Während der Legislaturperiode, die diesen Herbst endet, hat sich der Schweizerische Bauernverband (SBV) bei mehreren wichtigen Themen durchsetzen können, wie etwa dem präventiven Abschuss von Wölfen oder der von Klimamassnahmen bereinigten Agrarpolitik AP22+. Aber einige Abstimmungen in den eidgenössischen Räten gewannen die Landwirtschaftsvertreter auch mit ungewöhnlich knappen Ergebnissen.
Andere Vorlagen wiederum wurden regelrecht abgeschmettert. Im vergangenen September verabschiedete der Nationalrat gegen den Willen des SBV den Gegenvorschlag zur Biodiversitätsinitiative.
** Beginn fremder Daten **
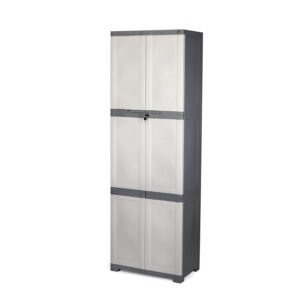 Cello Novelty Large Plastic Cabinet with Dustproof Doors| 3 Year Warranty | Almirah, Cupboard, Wardrobe for Home, Living Room, Bedroom, Kitchen, Office, Outdoor| White & Grey Colour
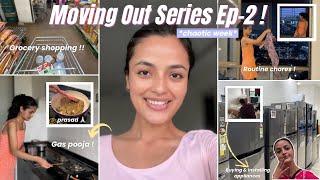 MOVING OUT SERIES ep2 *chaotic* week : grocery shopping, installing appliances, gas pooja & more!!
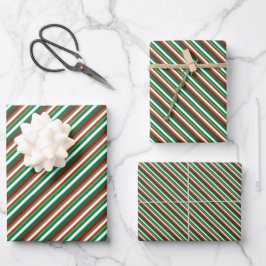 Helle Winterfarben Streifen Set 2 Geschenkpapier Set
Dieser zielt darauf ab, 17 Prozent der Landesfläche als Schutzgebiete zu bestimmen.
Zuletzt lehnte der Nationalrat am 14. Dezember eine ganze Reihe von Vorstössen ab, die von Landwirtschaftskreisen eingereicht worden waren. Die Verpflichtung, mindestens 3,5 Prozent des Ackerlandes als Brachflächen zu nutzen, die der Biodiversität förderlich sind, wurde somit beibehalten. Dasselbe gilt für das Schleppschlauch-Obligatorium bei der Gülleausbringung, damit weniger Ammoniak freigesetzt wird.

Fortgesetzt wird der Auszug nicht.